On ne mesure pas totalement le choc qu’a été, en 2004, la sortie de  !Rendez-Vous ?, l’album fruit de la rencontre entre le quartet sud-africain Heavy Spirit, qui avait rencontré le Workshop de Lyon quelque temps auparavant, et la Campagnie ; surtout quelle a été l’entreprise de libération que ce disque a engendrée. Comme une force soudainement canalisée par la basse électrique fabuleuse de Lucas Komale qui donne le ton dès « The Quest », morceau qui ne prend, quinze ans après, absolument aucune ride. La basse, tout comme la double batterie, offre une puissance rare qui donne à la musique de Charolles toute la gamme des possibilités.

Cela commence dès « Ambass a Son » qui cogne dur sur le sax baryton et offre des tuttis de soufflants (remarquable Gershwin Nkosi à la trompette) et constitue certainement l’un des plus beaux morceaux de la Campagnie. Le trio penche soudain, ou plutôt plus clairement vers Ayler et Ornette Coleman, davantage que vers Piaf, Dréjac et Giraud [2], sans pour autant le renier. Bien campé sur deux jambes, ce qui se confirme avec la reprise de « L’Araignée à moustache » de Desnos, teinté de zulu et de voix d’enfants qui assistent au concert, célébrant le goût de Charolles pour la médiation culturelle et le dialogue. Cet échange, lui, est total, et « Free at Last », composé par Komale, sonne comme la signature d’un album conçu encore comme un carnet de voyage qui va à toute vitesse, avec ce qu’il faut de lyrisme et de folie ; l’un des plus marquants de la Campagnie.

Denis Charolles © Franpi Barriaux

Mais rien peut-être, sans doute, n’égale La Manivelle Magyare, enregistré à Budapest en 2004 et paru en 2005. « Winnie The Pooh Joins Europe » est une pièce de Gábor Gadó qui ouvre un album très orchestral, à la manière du guitariste, avec Bálazs Bujtór au violon. Il y a de la dérision et de la virtuosité dans une rencontre qui est l’une des premières entre le jazz français et hongrois, si on fait fi d’Alban Darche et Sébastien Boisseau, qui la précédèrent de quelques mois dans le quartet de Gadó ou avec le beau Stringed. Alors que Fred Gastard a remplacé Rémi Sciutto au sax baryton (jouant également du basse, soprano et ténor), la musique de la Campagnie prend des atours plus poétiques encore, voire nébuleux dans « La Manivielle ».
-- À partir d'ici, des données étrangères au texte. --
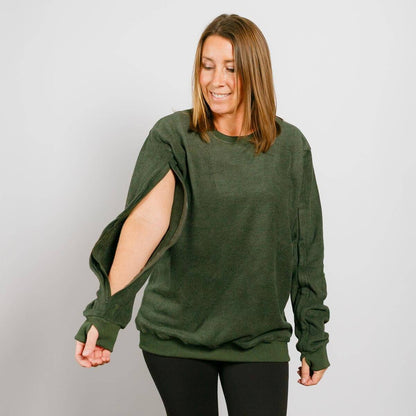 Woman wearing a green sweater with cut-out sleeves against a plain background #NEW | Model is 5'3" 130lbs wearing size S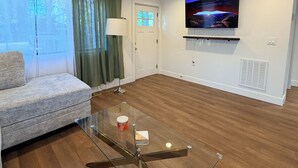 A modern living room with a glass coffee table, a sofa, a TV mounted on the wall, and a door with a window.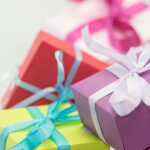 Close-up of vibrant gift boxes with ribbons, perfect for festive occasions.
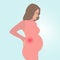 A pregnant woman has a backache. Back stress during pregnancy
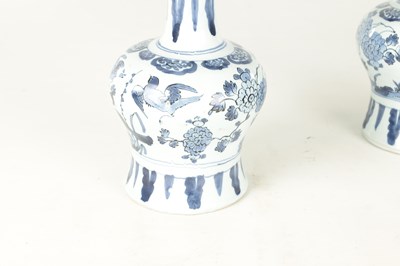 Lot 109 - A PAIR OF LATE 17TH CENTURY BLUE AND WHITE DELFT VASES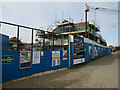 Houses under construction by Brandon Station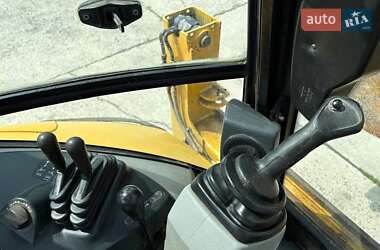 Экскаватор погрузчик Caterpillar 444 2014 в 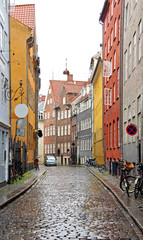 Colorful street, red, blue and yellow houses and bikes with basket in old town, rainy day, Copenhagen, Denmark - 170841688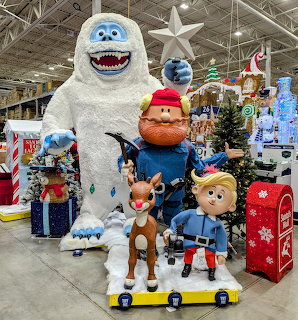 Christmas store display with Rudolph the Red-Nosed Reindeer characters including Bumble, Yukon Cornelius, and Hermey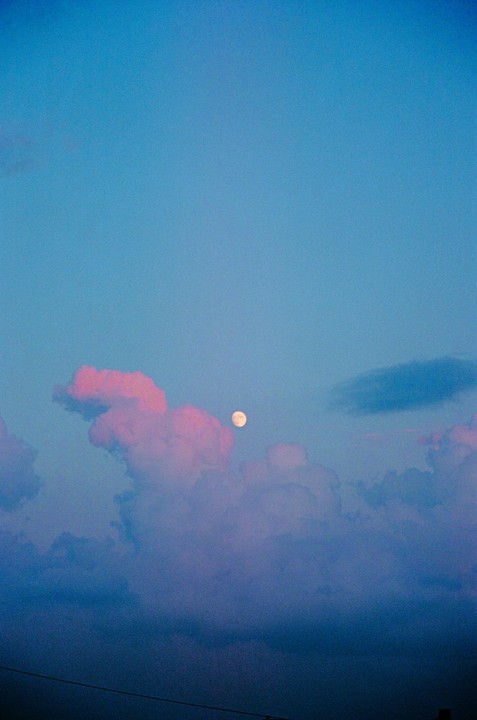 The moon is visible through pink and blue clouds in a blue sky.
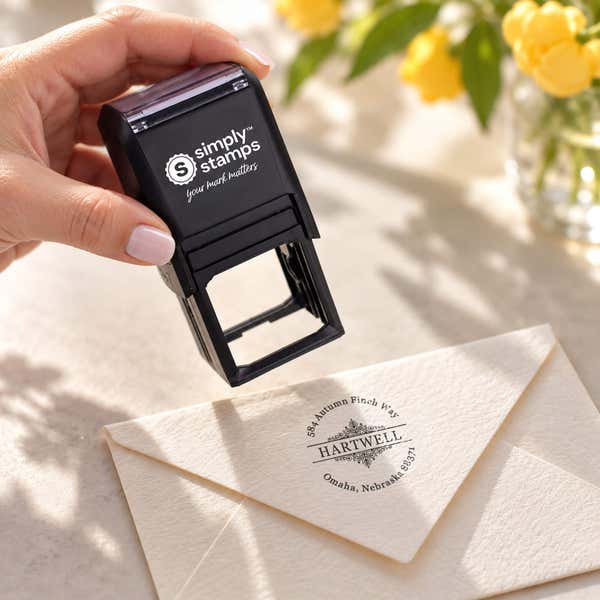 Hand holding the Ramsey Vintage Deco Address Stamp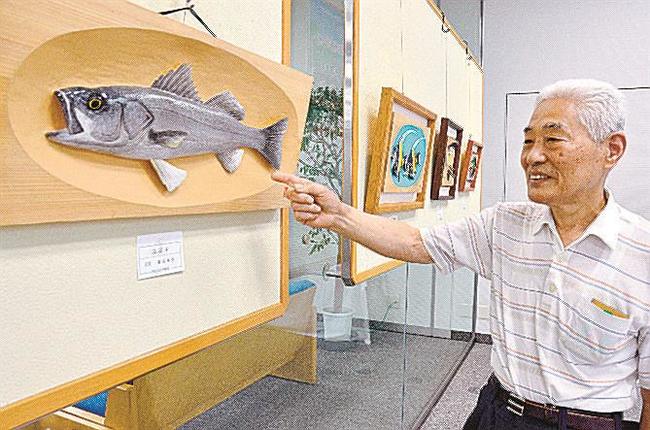 自作のスズキの作品を解説する島谷幸吉会長＝松江市御手船場町、しまね信用金庫本店
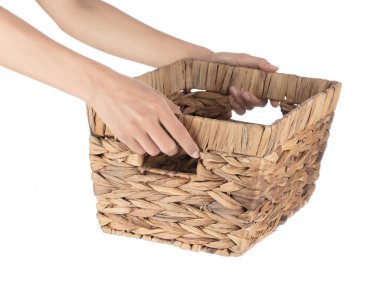 Boş hasır sepeti tutan eller beyaz arkaplanda izole edildi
Certes, le morceau écrit par le batteur de la Campagnie explose en un instant en une bulle cajun, même s’il n’y a guère de mangroves en Europe Centrale. Mais les musiciens hongrois qui les accompagnent, à l’instar du légendaire Béla Szakcsi Lakatos, ont une lourde culture classique et contemporaine de la musique écrite occidentale et cela s’entend (« Distorsion » par Lakatos est une merveille du genre, notamment dans la relation qui se crée entre Gastard et Gadó). On sait Gábor Gadó grand amateur de Ravel [3]. Denis Charolles le révélera plus tard en travaillant sa propre lecture de L’Enfant et les sortilèges. Il y a dans cet album tout un souffle et des pistes d’une grande modernité, notamment « Have You Met Mystic ? » de Christophe Monniot qui préfigure ce qui sera la décennie suivante pour le saxophoniste. La Manivelle Magyare est un disque-clé qui a grandement ouvert les portes à de nombreux voyages à Budapest pour les musicien·nes hexagonaux. C’est quoiqu’il en soit le point d’orgue d’une discographie atypique pour la « première époque » de la Campagnie des Musiques à Ouïr qui se renouvellera plus tard avec Les Étrangers Familiers ou Duke and Thelonious. Une discographie qu’il faut réécouter aujourd’hui à l’aune des vingt-cinq ans passés, pour comprendre toute son importance.

par Franpi Barriaux // Publié le 5 septembre 2021

[1Voir notre Interview

[2« Sous le ciel de Paris », sur le premier album.

[3Voir son travail sur Pavane pour une enfante défunte avec Liebman.